Azure Functions is like a water faucet for compute. You only get charged for what you use. That occurs in a few different ways…
- Code storage - you pay for the disk space that your code actually occupies on the server
- Executions - you pay per execution of your function
- Execution time - you pay for the amount of compute that your function uses.
You also receive 1 million free executions a month. That combined with the miniscule cost of storage means that if your Azure Functions don’t get called, you don’t pay anything. This makes a lot of a sense as a customer. Just think of all the compute that we have paid for and wasted all these years! You could be retired already! But probably not because you’d blow all that extra money on jetski’s.
The cloud can (and should) save us money by being able to target compute by need and not just allocating it in “use it or lose it” buckets.
Applying the Serverless Laws
Now that I have established an irrefutable framework to determine if something is Serverless, we can apply these laws to any technology to determine if it is or is NOT Serverless.

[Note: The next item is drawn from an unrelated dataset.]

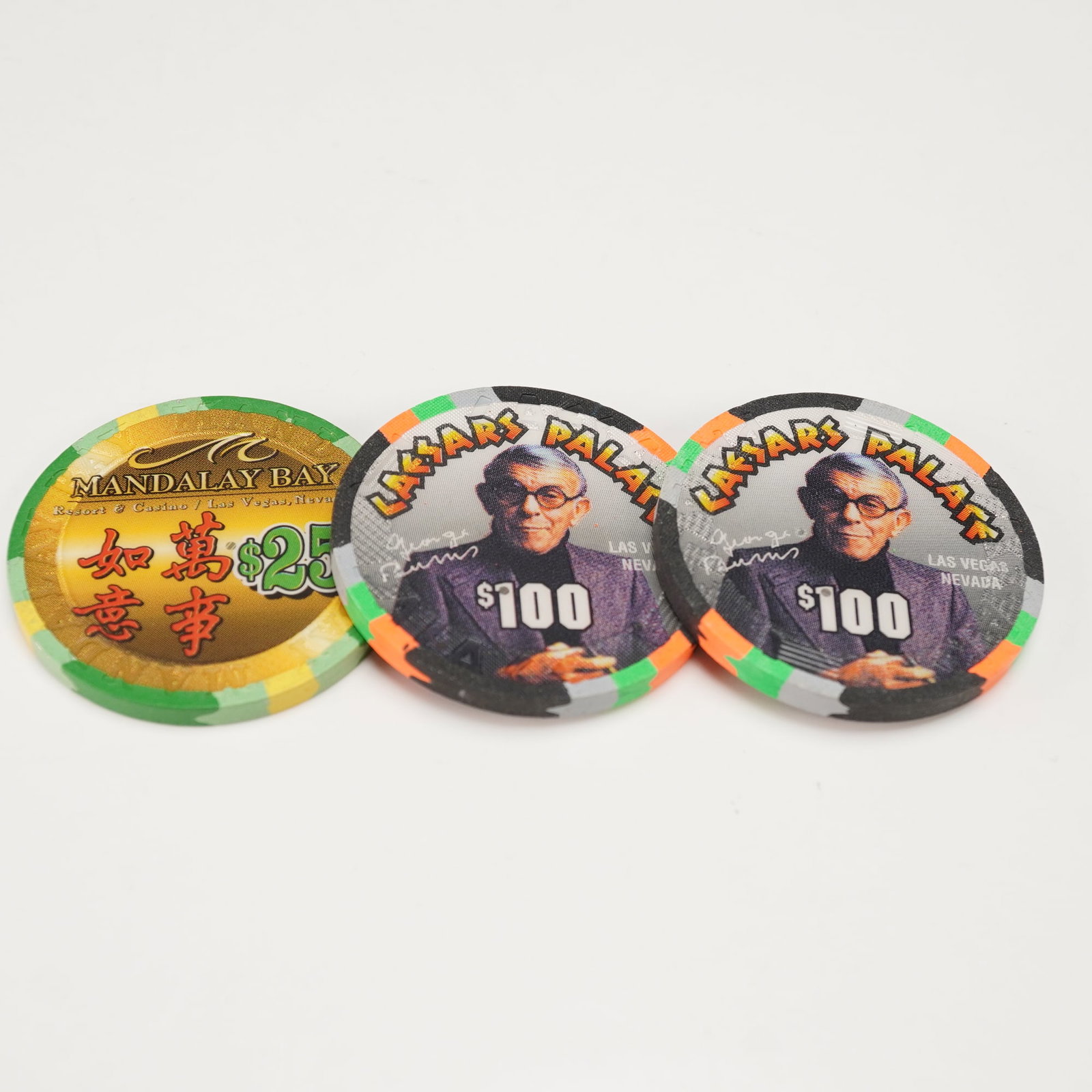 3pc Mandalay Bay and Caesars Palace Casino Chips: Group of three collectible casino chips from Las Vegas resorts, including one $25 chip from Mandalay Bay featuring a stylized 2000 dragon motif and two $100 chips from Caesars Palace commemorating the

Azure Services that are Serverless
- Azure Static Sites
- Logic Apps
- Cosmos DB
- Note - Cosmos DB isn’t quite Serverless just yet, but it’s close. It conforms to law 1, but up until recently, you’ve had to buy database bandwidth in chunks which means it did not conform to laws 2 and 3. However, as of Ignite, the team announced “Auto Pilot”. This is a feature which automatically adds throughput as the load requires it, but you still have to pay for a basic allocation. Once Cosmos DB allows you to start from absolute zero, it will comply with all 3 laws and can be considered “Serverless”.
- SQL Server
- Believe it or not, SQL Server has a “Serverless” offering.
The next time someone casually throws out a “Serverless”, see if satisfies the 3 Laws of Serverless. If it does, you can save yourself a “well, actually”. If it doesn’t, just nod and smile. And try to pay attention to the Venn Diagram.